Tools for Teaching YAML with ymlthis

Photo by Austin Neill

Malcolm Barrett

R Markdown is one of the most powerful aspects of the R ecosystem, and it’s also surprisingly intuitive. Markdown itself has a simple syntax, and R Markdown handles so many of the tricky details of document creation that the basics will get you a long way. But there’s one area of R Markdown that consistently trips students up: YAML.

YAML (“Yet Another Markup Language” or “YAML Ain’t Markup Language,” depending on who you ask) is the metadata that tells R Markdown, pandoc, and other software exactly how to process or display the document. But YAML looks and smells differently than R. What’s with this white space? Does this need quotation marks? Where’s the documentation? Why doesn’t this work? Often, the simplest solution is to copy and paste the YAML from older documents. (That’s what I did for a long time.
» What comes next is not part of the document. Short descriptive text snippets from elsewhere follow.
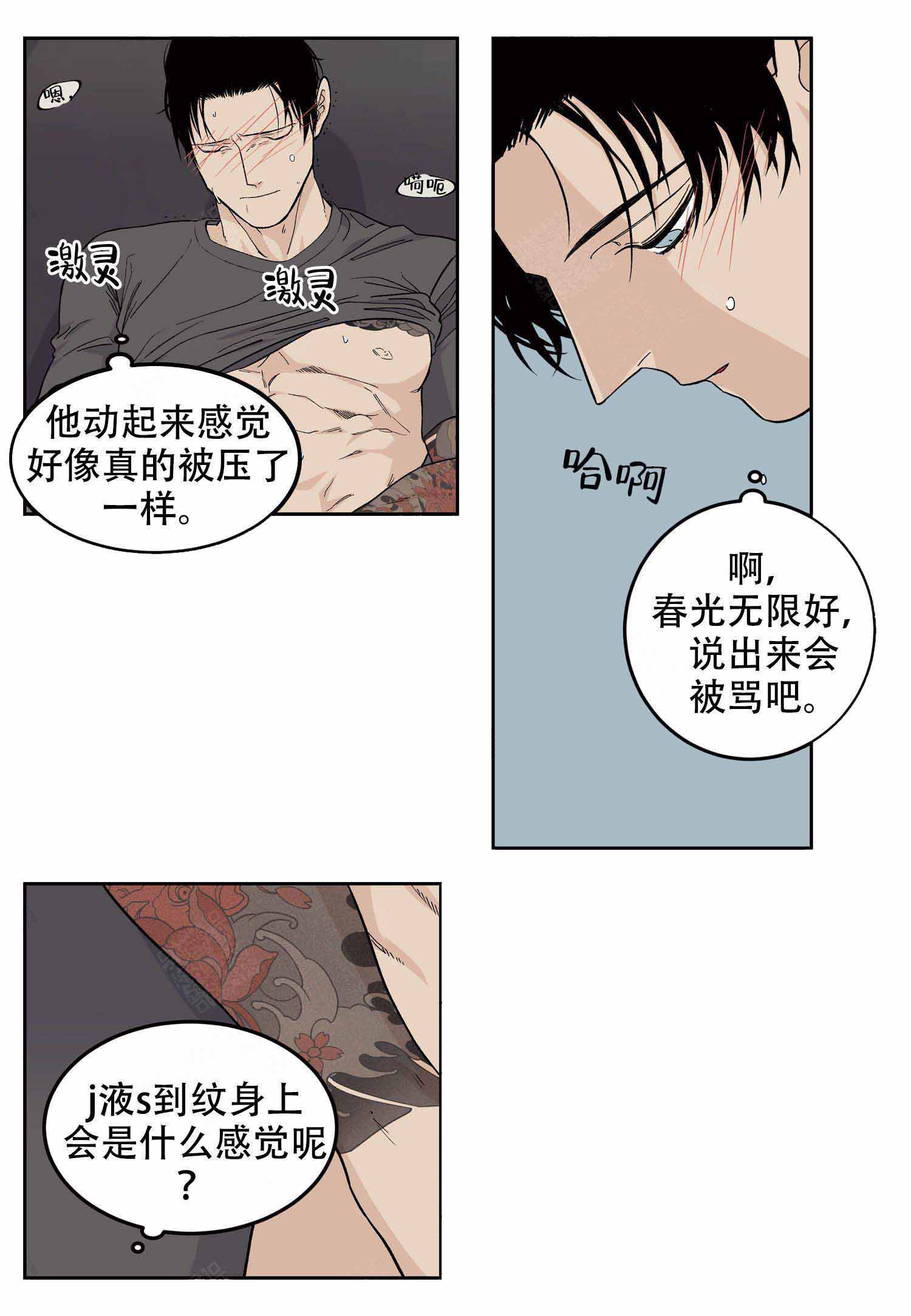 《店长体验官》漫画最新章节第20话免费下拉式在线观看章节第【5】张图片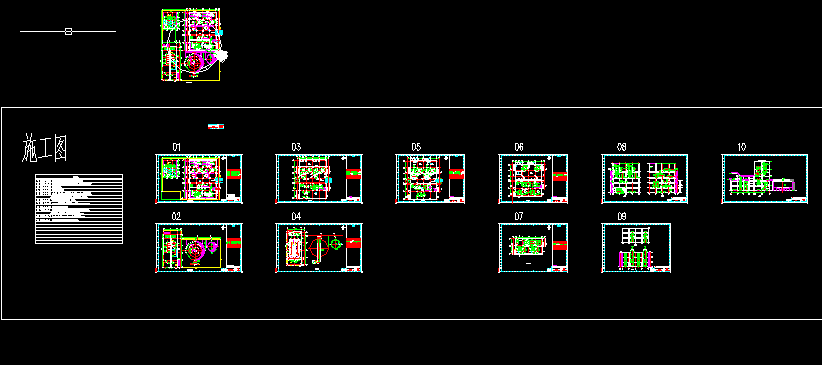 ������ˮ̎��Ԕ��ʩ���D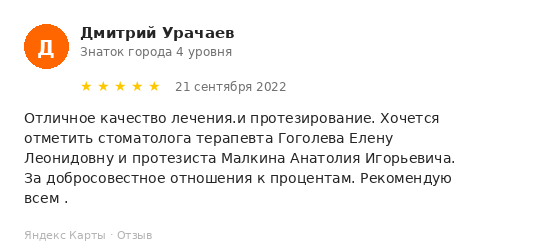 Отзыв пациента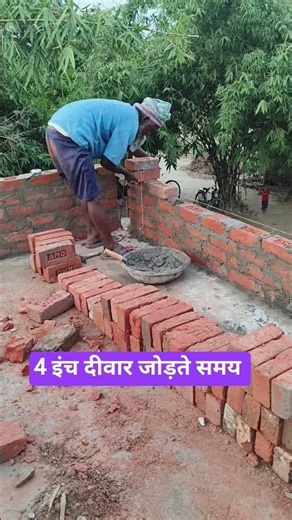 4 इंच दीवार जोड़ते समय ध्यान दें 🏠 #construction #shorts #trending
At least I knew it would probably work!)

I spent my summer internship at RStudio trying to reckon with this problem. Work my mentor Rich Iannone led to the ymlthis package (now on CRAN!). ymlthis addresses these issues by documenting YAML options for R Markdown and friends, providing R functions to write YAML for you (in the correct syntax!), and providing new ways of working with R Markdown and YAML files.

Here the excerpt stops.